WHAT YOU NEED TO DO: For this listing, reproduce the line with "2024 Toyota Sienna XLE", the line with "Red Roof Inn Norwich - image 6", and the lines between, exactly as they stand. Leave out pictures and all other lines.

*** Opening of WORKING DATA ***

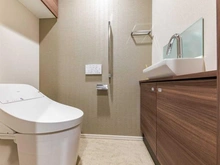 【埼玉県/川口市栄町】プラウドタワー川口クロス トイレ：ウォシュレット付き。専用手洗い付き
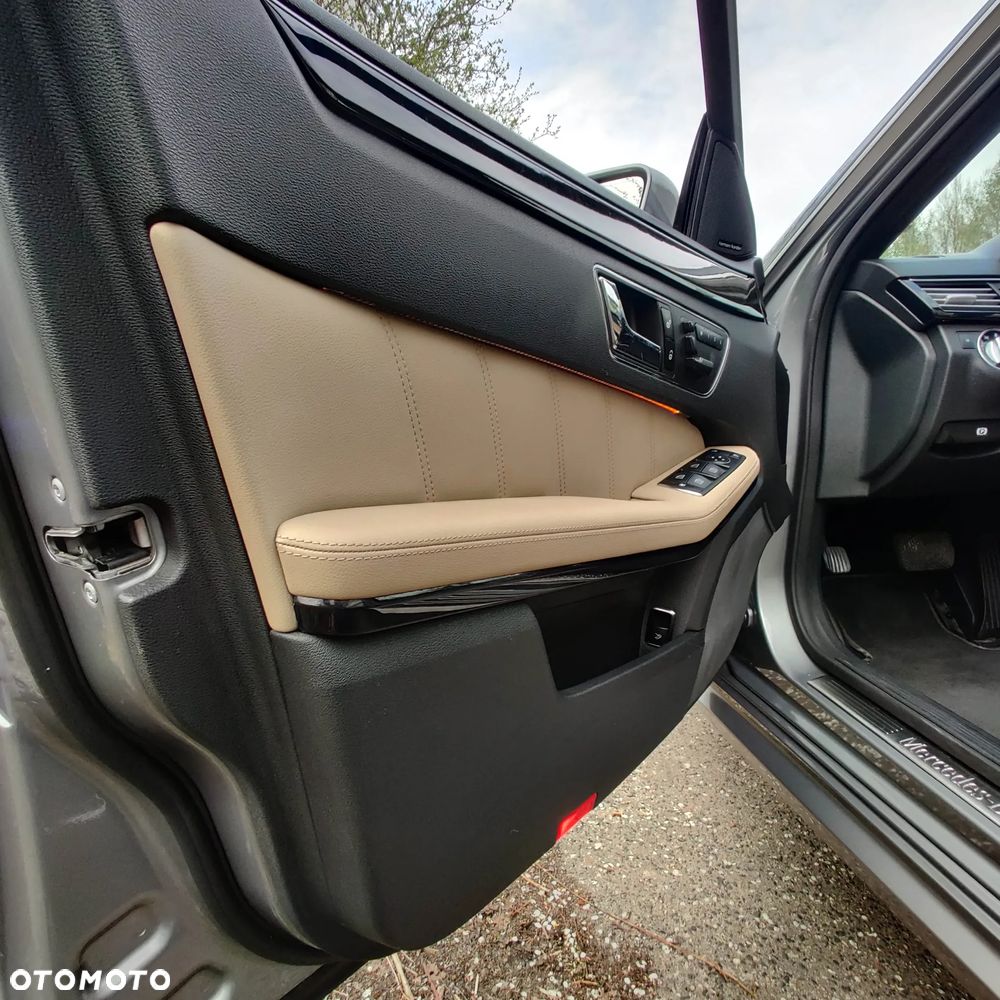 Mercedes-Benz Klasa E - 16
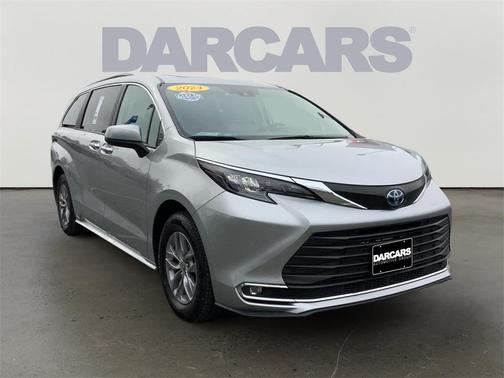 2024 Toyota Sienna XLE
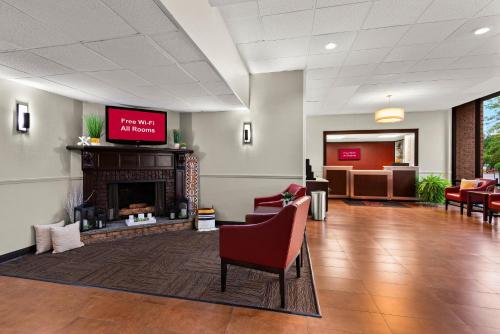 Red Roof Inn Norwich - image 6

*** Close of WORKING DATA ***
*** Opening of WORKING DATA ***

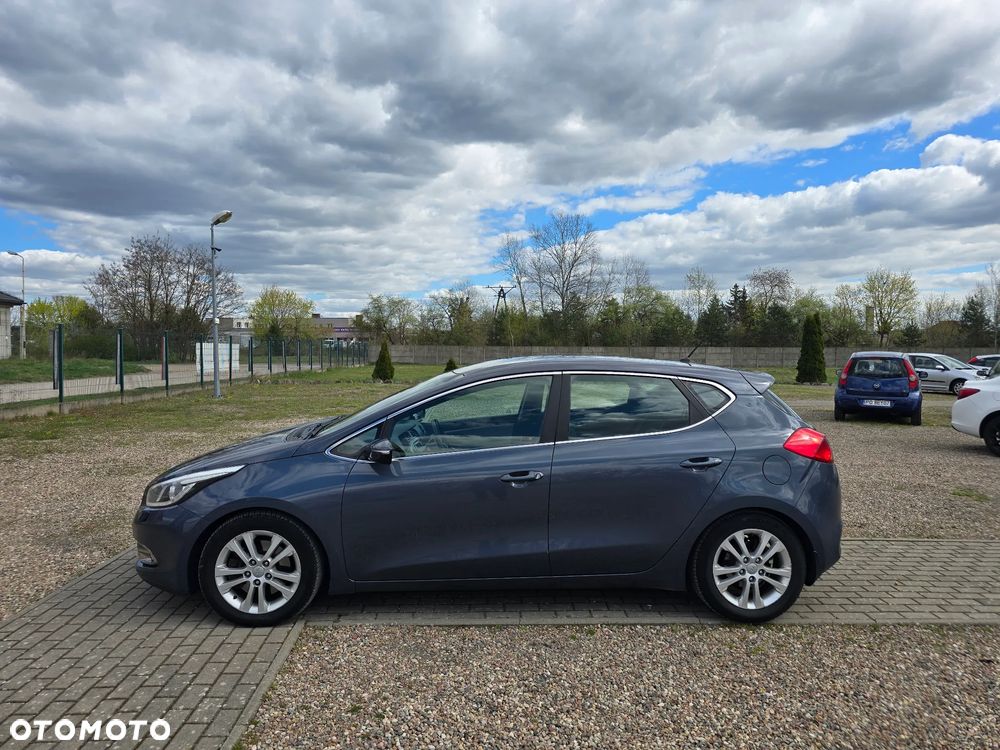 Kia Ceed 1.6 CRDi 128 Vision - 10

*** Close of WORKING DATA ***

REPLY TO THE TASK:
 2024 Toyota Sienna XLE
 Red Roof Inn Norwich - image 6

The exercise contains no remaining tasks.